Task to carry out:
Write out the full listing again, exactly as it stands.

The records:
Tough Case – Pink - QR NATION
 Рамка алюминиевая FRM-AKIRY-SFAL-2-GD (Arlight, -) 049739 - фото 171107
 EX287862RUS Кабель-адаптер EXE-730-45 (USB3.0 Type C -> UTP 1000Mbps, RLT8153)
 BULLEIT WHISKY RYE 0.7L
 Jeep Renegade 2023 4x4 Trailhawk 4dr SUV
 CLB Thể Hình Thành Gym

Response box:
Tough Case – Pink - QR NATION
 Рамка алюминиевая FRM-AKIRY-SFAL-2-GD (Arlight, -) 049739 - фото 171107
 EX287862RUS Кабель-адаптер EXE-730-45 (USB3.0 Type C -> UTP 1000Mbps, RLT8153)
 BULLEIT WHISKY RYE 0.7L
 Jeep Renegade 2023 4x4 Trailhawk 4dr SUV
 CLB Thể Hình Thành Gym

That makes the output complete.